--- Problem to work on ---
Going through the material below, output exactly the lines from the one containing "payment.png" through the one containing "Abstract glowing light", and no pictures.
** The input follows **
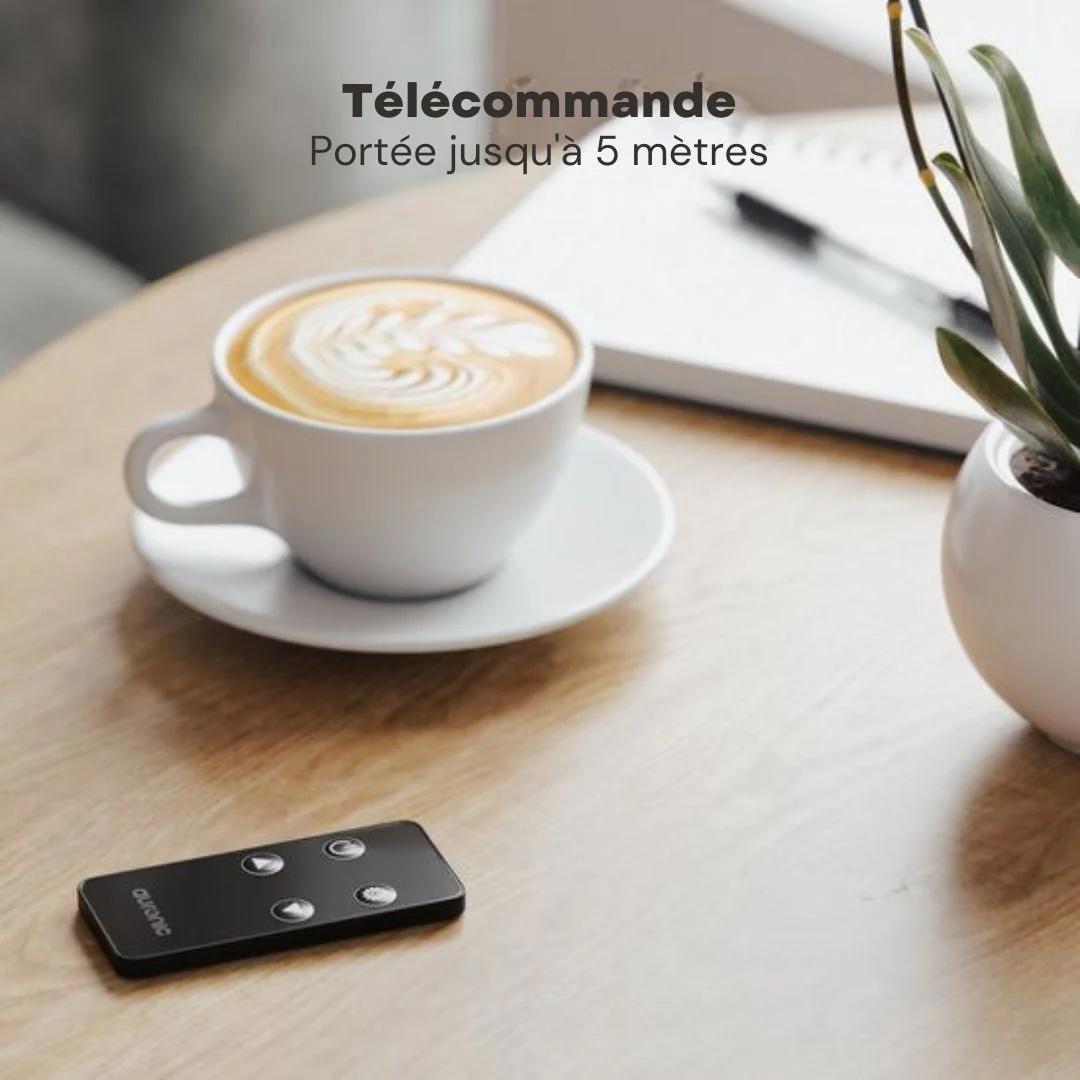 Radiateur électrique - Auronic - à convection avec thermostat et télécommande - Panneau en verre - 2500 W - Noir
** End of The input **
** The input follows **
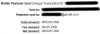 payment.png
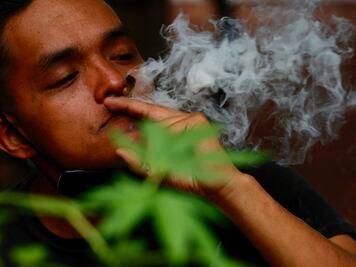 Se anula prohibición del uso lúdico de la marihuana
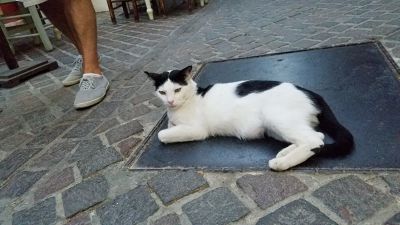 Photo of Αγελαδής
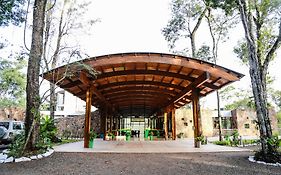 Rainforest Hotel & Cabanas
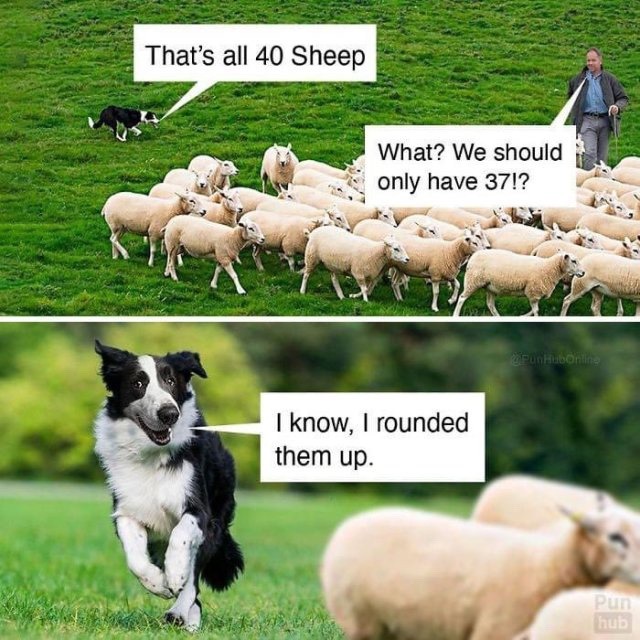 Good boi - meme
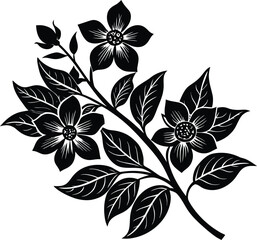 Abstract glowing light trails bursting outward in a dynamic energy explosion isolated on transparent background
** End of The input **
--- Response box ---
 payment.png
 Se anula prohibición del uso lúdico de la marihuana
 Photo of Αγελαδής
 Rainforest Hotel & Cabanas
 Good boi - meme
 Abstract glowing light trails bursting outward in a dynamic energy explosion isolated on transparent background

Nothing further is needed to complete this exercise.